Quels sont les bénéficiaires de la retraite de réversion ? Sont considérés comme ayants droit : le conjoint de l’assuré décédé (en l’occurrence l’épouse, si c’est l’époux retraité qui est décédé), quel que soit son âge, du moment qu’il ait contracté un mariage légal avec le défunt ; les enfants à charge (conformément à l’article 67 de la loi 83-11 du 2 juillet 1983 relative aux assurances sociales modifiée et complétée).

Cumul retraite des femmes salariées et réversion de leur conjoint décédé
La question nous a été souvent posée ces dernières années par nombre de lecteurs et de lectrices : quand les deux conjoints mariés (femme et homme) sont tous les deux retraités et perçoivent chacun une pension ou une allocation de retraite, lorsque l’un d’entre eux décède, est-ce que le conjoint encore en vie peut cumuler sa pension de retraite avec la pension ou l’allocation de retraite du conjoint décédé ? La réponse est oui, sans équivoque.
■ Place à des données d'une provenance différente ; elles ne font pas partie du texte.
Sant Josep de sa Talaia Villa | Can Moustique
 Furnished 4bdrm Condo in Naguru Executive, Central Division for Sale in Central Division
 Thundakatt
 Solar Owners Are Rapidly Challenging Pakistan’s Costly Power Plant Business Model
A propos de la majoration pour conjoint à charge. Au montant de la pension de retraite d’une femme salariée s’ajoute — si son conjoint est à sa charge (c'est-à-dire ne travaille pas) — une majoration dont le montant est fixé par arrêté du ministre chargé de la Sécurité sociale, sur proposition du conseil d’administration de la CNR conformément à l’article 15 de la loi 83-12 modifiée par celle n°99-03. 
Ce montant est actuellement fixé à 2 500 DA net par mois. Si c’est l’épouse qui ne travaille pas (dite femme au foyer), la pension de retraite de son conjoint retraité est complétée par cette majoration. Quand l’époux prend sa retraite et que son épouse est femme au foyer (après avoir travaillé et interrompu  sa carrière), le droit à la majoration est maintenu : ce droit ne l’est plus quand l’épouse fait valoir ses droits à la retraite (à l’âge légal de 55 ans pour les femmes). Il est important de connaître tous ces droits, car souvent ni l’employeur de la femme travailleuse ni son agence CNR ne lui communiquent en temps voulu les informations nécessaires.